What you are asked to do: Omit the pictures. Print each entry below exactly.

##### Entries shown

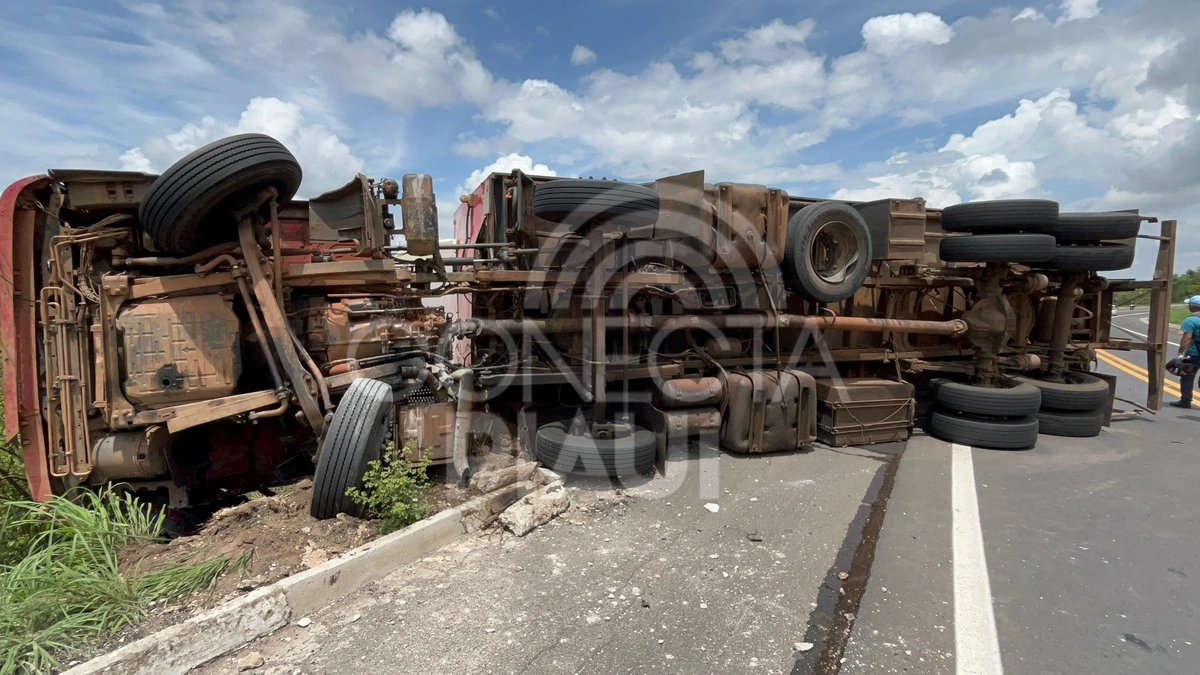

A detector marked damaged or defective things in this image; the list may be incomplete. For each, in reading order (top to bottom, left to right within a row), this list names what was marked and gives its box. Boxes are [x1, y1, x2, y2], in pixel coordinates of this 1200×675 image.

detached tire [139, 133, 302, 255]
detached tire [536, 178, 660, 231]
detached tire [788, 201, 872, 304]
detached tire [944, 199, 1056, 234]
detached tire [944, 234, 1056, 262]
detached tire [1048, 244, 1128, 274]
detached tire [1048, 213, 1144, 244]
overturned truck [0, 133, 1176, 516]
detached tire [928, 380, 1040, 418]
detached tire [1008, 370, 1112, 412]
detached tire [310, 378, 394, 520]
detached tire [536, 420, 656, 478]
detached tire [928, 410, 1040, 452]
detached tire [1032, 406, 1104, 438]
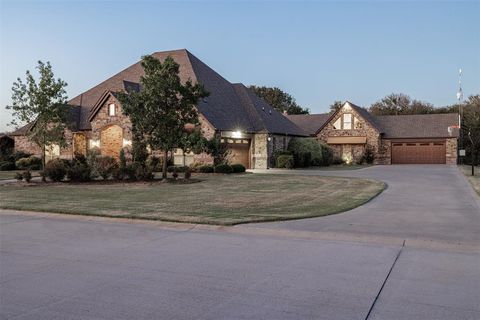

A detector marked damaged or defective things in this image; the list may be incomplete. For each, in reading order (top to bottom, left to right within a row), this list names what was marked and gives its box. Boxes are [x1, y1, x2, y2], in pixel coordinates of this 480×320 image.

pavement crack [364, 239, 404, 318]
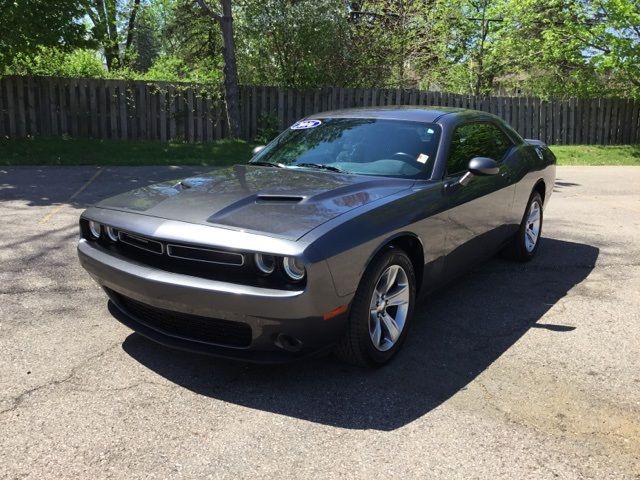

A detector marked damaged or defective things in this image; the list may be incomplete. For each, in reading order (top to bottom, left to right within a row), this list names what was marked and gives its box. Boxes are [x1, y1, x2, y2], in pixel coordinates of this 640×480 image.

cracked asphalt [0, 166, 636, 480]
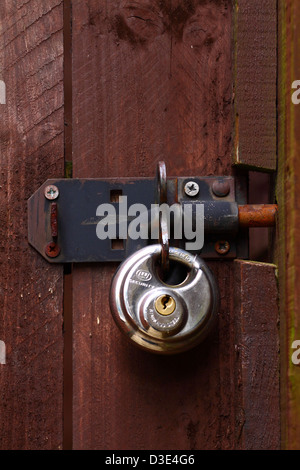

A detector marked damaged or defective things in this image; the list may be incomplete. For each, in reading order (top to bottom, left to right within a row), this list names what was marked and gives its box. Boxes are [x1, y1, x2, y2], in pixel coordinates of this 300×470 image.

rusty bolt end [212, 178, 231, 196]
rust stain on metal [238, 205, 278, 229]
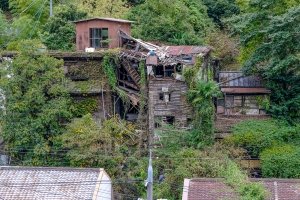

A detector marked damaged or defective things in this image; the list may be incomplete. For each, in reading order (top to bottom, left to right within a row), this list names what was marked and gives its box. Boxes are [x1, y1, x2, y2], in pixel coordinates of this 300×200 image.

rusty metal roof [219, 71, 266, 88]
rusty metal roof [0, 166, 111, 200]
rusty metal roof [184, 179, 300, 199]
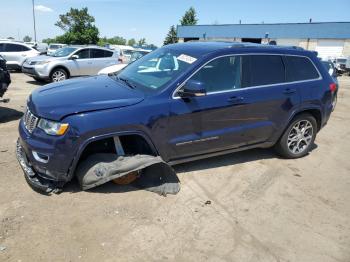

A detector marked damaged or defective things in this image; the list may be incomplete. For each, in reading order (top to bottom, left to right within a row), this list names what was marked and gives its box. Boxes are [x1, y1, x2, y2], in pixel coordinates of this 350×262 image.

cracked headlight [37, 118, 69, 135]
bent rim [288, 119, 314, 155]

##########

Exercise solution:
A detector marked damaged or defective things in this image; the list may be incomplete. For each, in reading order (top to bottom, left to right within a row), this list names what was marked and gives its box. Boxes are [x1, y1, x2, y2], in pixel coordinates of this 1200×675 image.

detached tire [139, 133, 302, 255]
detached tire [536, 178, 660, 231]
detached tire [788, 201, 872, 304]
detached tire [944, 199, 1056, 234]
detached tire [944, 234, 1056, 262]
detached tire [1048, 244, 1128, 274]
detached tire [1048, 213, 1144, 244]
overturned truck [0, 133, 1176, 516]
detached tire [928, 380, 1040, 418]
detached tire [1008, 370, 1112, 412]
detached tire [310, 378, 394, 520]
detached tire [536, 420, 656, 478]
detached tire [928, 410, 1040, 452]
detached tire [1032, 406, 1104, 438]

A detector marked damaged or defective things in this image; the list may be incomplete. For each, in reading order (top to bottom, left to right within a row), this list names what was marked and gives its box. Boxes are [x1, y1, x2, y2], in pixel coordinates of this 480×320 image.

pavement crack [364, 239, 404, 318]

A detector marked damaged or defective things in this image; the list may be incomplete. For each, in reading order (top to bottom, left to right within a row), this list names what was marked and gives its box. Boxes are [x1, y1, x2, y2], in pixel coordinates of this 640×480 image.

cracked asphalt [0, 166, 636, 480]

A detector marked damaged or defective things in this image; the list may be incomplete. For each, in reading order (top to bottom, left to right within a row), this list names what was marked and gives its box. Boxes are [x1, y1, x2, y2], in pixel coordinates of this 300×470 image.

rusty bolt end [212, 178, 231, 196]
rust stain on metal [238, 205, 278, 229]

A detector marked damaged or defective things in this image; the list may be incomplete. For each, in reading order (top to bottom, left to right within a row), this list names what was marked and gives its box. Boxes are [x1, y1, x2, y2], in pixel coordinates of this 300×200 image.

rusty metal roof [219, 71, 266, 88]
rusty metal roof [0, 166, 111, 200]
rusty metal roof [184, 179, 300, 199]

A detector marked damaged or defective things in this image; the list may be incomplete. For each, in reading order (top to bottom, left to right within a row), this list names what was marked and gives its box. Boxes are [x1, y1, x2, y2], in pixel coordinates of this 350×262 image.

cracked headlight [37, 118, 69, 135]
bent rim [288, 119, 314, 155]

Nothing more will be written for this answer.